2010 - Waits Family - Aidan (10), Arlee (7), Adam (4) & Aaron (3)


I haven't seen this photo in 8 years.    My aging brain jumps into memory mode and I remember...

It is 2010.  I am fresh from the US...  plucked out of my comfortable soil and roughly planted in temporary soil of La Ceiba, Honduras for language school.     The language comes slowly. everything seems challenging and unknown.    

My babies... 4 of them taking this new journey on with nervous excitement.    My husband, strong for the task, encouraging us all to look for what awaits and always in need of God's grace and mercy.

We live with a beautiful Honduran couple... limited privacy, hot to redefine my concept of hot,  new foods, stubborn stomachs,  studying and practicing.

We take a weekend to head up into the mountains.   Rio Cangrejal.  God's barely-touched beauty before our eyes.   

A photo is snapped.

We proceed up the mountain.  Within 30 minutes, the babies tire and we head back down, not reaching our goal of the waterfall  ...  just happy to have seen the beauty of Pico Bonito.


2018 - Waits Family - Aidan (18),  Arlee (15), Adam (12) & Aaron (11)


It is 2018.   I am a multitude of complexity...  always Northamerican, yet forever changed by Honduras and her people, forever a part of a forgotten region called the Miskito Coast.    The language flows fluid, the challenges and unknowns still come.

My babies... there are 5 of them now.   5 people with strength, dignity, struggles and victories.  My husband and me ...  worn, battle-weary and still in deep need of God's grace and mercy.   

We have traveled far to be able to spend a few days together.   Our oldest is now on his own, yet longing for the smells, tastes and welcome of the country who loved and raised him.   He travels 24 hours to reach us.  We travel a few hours to reach him.   Together again.

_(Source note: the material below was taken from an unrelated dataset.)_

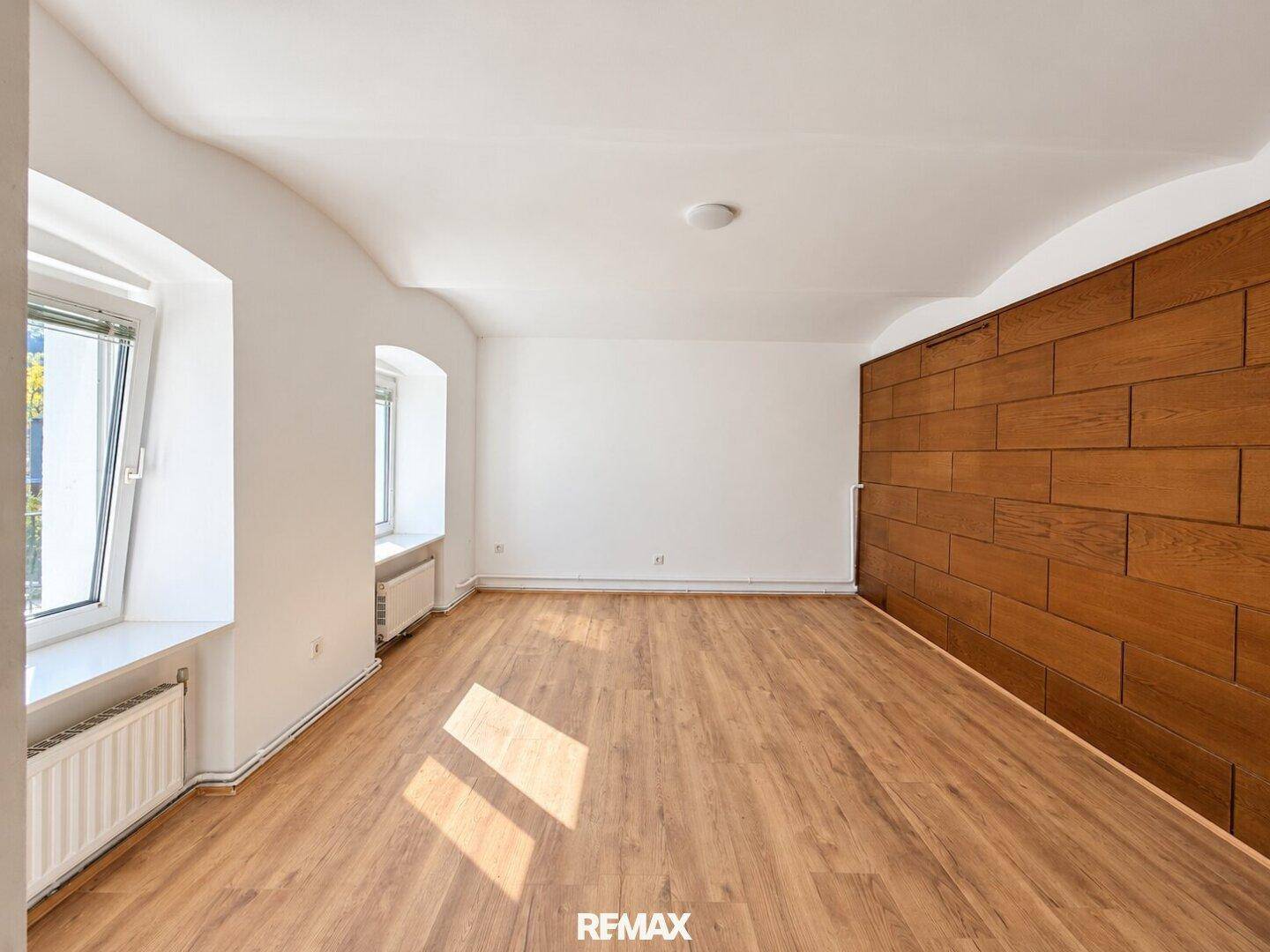 Heller Raum mit Holzplankenboden, weiß gestrichenen Wänden und einer Holzwand.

We are back in Rio Cangrejal.  God's barely-touched beauty before our eyes.

A photo is snapped.

We proceed up the mountain.   Within an hour or so, we reach the first waterfall.    Enormous blue butterflies flutter.    Clear, cold water.   Coolness on our skin.   Peace.

First Waterfall

                                                 
                                                 

An hour later, my body says no.   I cannot walk another step.   My 6-year-old climbs like a little mountain goat.  My 11-year-old scampers up the trail.  My 12-year-old grins from ear to ear at his success.   My teenagers are experts.   Alex stays behind with me as we tell them to go on.

I am the weak link on this day.   

I take small steps, teeny-tiny baby steps, sure that I am going to reach the goal, stubborn that I will not cause Alex to miss the beauty of the large waterfall.

                                                     

30 minutes later,   my 15-year-old comes back.   She literally pulls me up the mountain.  Over big rocks, slippery stumps, on a very small trail.   

I smile at the beauty of this human being who leads me... never ashamed of my weakness, sure of our capacity together to both reach the summit.


  
The Big Waterfall


8 years changes things.   8 years changes bodies... some get stronger, others a bit weaker.   8 years change dreams.     

8 years cannot change love.  It cannot change commitment.   It cannot change faith.   

And, 8 years absolutely cannot change family!